Вскоре мы уже на месте. Надя помогает Галине Тимофеевне выбраться из коляски, а я разворачиваю мотоцикл и спешу обратно за моими друзьями…
Вернувшись, мы встречаем у входа Надю. На ней нет лица. Она отводит нас в сторону, словно боится, что кто-то может нас подслушать, и рассказывает историю, от которой у нас буквально встают волосы дыбом. Об этом ей поведала Галина Тимофеевна. В свёртке, который она ни за что не хотела выпускать из рук, была её мёртвая дочка, которую на глазах матери застрелил командир немецкого танкового подразделения. Сама Галина Тимофеевна ничего сказать больше не может и всё спрашивает, когда придёт Алёша. Надя сделала ей укол, и Галина Тимофеевна забылась сном.

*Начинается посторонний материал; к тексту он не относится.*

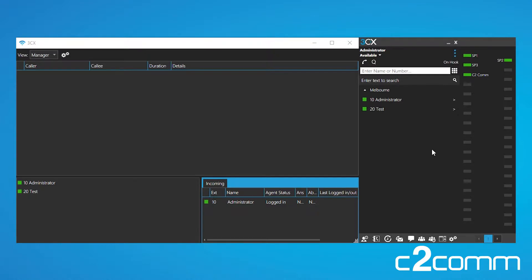Hi, my name is Angus and I'm from C2 Communications. Today I'm going to show you how to use the switchboard on your 3CX system.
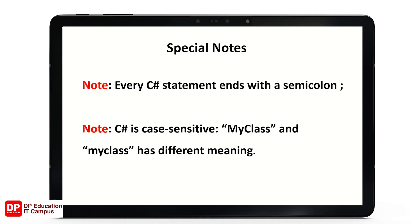C-Sharp is case sensitive. For example, capital 'MyClass' and simple 'myClass' are different. You can see that C-Sharp is a case-sensitive language.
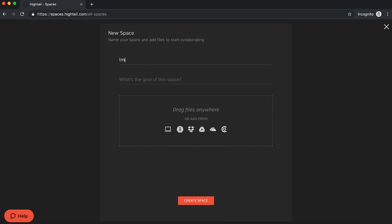Start by naming your space and providing an optional description for the purpose of the space. Then upload files from your computer or various third-party services.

— Её надо переправить к нашим, — сказал Коля Шевчук. — Здесь ей оставаться больше нельзя. Немцы повесили её старшего сына, Тимофея, застрелили дочь, Алёша умер — она пропадёт здесь. Когда ты Караев, поведёшь своего «языка», придётся тебе и Наде позаботиться и о том, чтобы взять с собою Галину Тимофеевну…
Но нам не пришлось этого делать. Когда мы зашли в пещеру и попробовали её разбудить, мы поняли, что она мертва — сердце её не выдержало.
И ещё два могильных холмика появилось в том месте, где ещё день назад мы схоронили Алёшу.